I selfishly want the StaffPad of writing/notating what I hear with and having my desktop sample libraries playback sans programming. I've pitched with StaffPad but haven't done a gig with StaffPad or StaffPad only yet. Though I've had two former clients have their ears tweaked with straight StaffPad demos. I must admit Staffpad has really quelled my G.A.S. There's stuff I want but staffPad has let me focus on being a better composer with nice libraries and not worry about what's coming out next. I musically work on my sound, nuances, metaphors and not freak out that I haven't bought the library that 'does' that yet.


----------



## dcoscina (Nov 7, 2020)

jonathanparham said:


> I selfishly want the StaffPad of writing/notating what I hear with and having my desktop sample libraries playback sans programming. I've pitched with StaffPad but haven't done a gig with StaffPad or StaffPad only yet.
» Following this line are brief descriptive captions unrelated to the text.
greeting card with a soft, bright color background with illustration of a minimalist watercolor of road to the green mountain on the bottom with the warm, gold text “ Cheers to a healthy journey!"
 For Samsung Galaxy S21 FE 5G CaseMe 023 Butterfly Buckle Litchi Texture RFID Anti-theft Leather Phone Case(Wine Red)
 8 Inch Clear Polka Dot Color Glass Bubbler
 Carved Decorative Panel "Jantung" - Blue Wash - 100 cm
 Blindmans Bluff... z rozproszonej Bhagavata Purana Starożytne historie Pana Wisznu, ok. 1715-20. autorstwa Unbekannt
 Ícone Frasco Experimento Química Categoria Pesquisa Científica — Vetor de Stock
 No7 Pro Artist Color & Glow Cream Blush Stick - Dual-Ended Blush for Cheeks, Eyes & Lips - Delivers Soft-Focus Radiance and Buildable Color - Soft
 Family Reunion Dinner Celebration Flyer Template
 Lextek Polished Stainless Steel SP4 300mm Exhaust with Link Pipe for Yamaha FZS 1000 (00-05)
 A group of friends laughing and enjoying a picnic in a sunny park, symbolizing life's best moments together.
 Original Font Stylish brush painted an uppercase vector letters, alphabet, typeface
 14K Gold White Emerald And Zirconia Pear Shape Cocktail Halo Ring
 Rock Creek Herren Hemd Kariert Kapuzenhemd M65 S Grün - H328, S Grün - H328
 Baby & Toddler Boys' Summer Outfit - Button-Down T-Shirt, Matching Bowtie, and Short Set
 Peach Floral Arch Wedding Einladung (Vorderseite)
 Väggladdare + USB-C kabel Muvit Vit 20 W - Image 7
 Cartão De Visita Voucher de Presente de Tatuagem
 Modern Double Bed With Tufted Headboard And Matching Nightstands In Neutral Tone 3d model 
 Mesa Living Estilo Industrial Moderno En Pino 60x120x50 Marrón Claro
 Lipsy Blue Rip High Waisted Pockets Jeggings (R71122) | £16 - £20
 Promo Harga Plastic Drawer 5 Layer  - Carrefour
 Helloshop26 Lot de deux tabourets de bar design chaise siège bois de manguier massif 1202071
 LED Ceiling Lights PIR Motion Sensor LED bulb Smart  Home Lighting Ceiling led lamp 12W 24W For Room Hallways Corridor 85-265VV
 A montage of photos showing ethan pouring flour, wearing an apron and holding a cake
Though I've had two former clients have their ears tweaked with straight StaffPad demos. I must admit Staffpad has really quelled my G.A.S. There's stuff I want but staffPad has let me focus on being a better composer with nice libraries and not worry about what's coming out next. I musically work on my sound, nuances, metaphors and not freak out that I haven't bought the library that 'does' that yet.


I get more out of StaffPad than any library in my DAW for orchestral writing. The technology is transparent. I know this is OT but those habits I've developed Or re-gained (since I started out writing everything down) have translated well into DAW work now. Thinking in terms of lines more than blocks of chords.


----------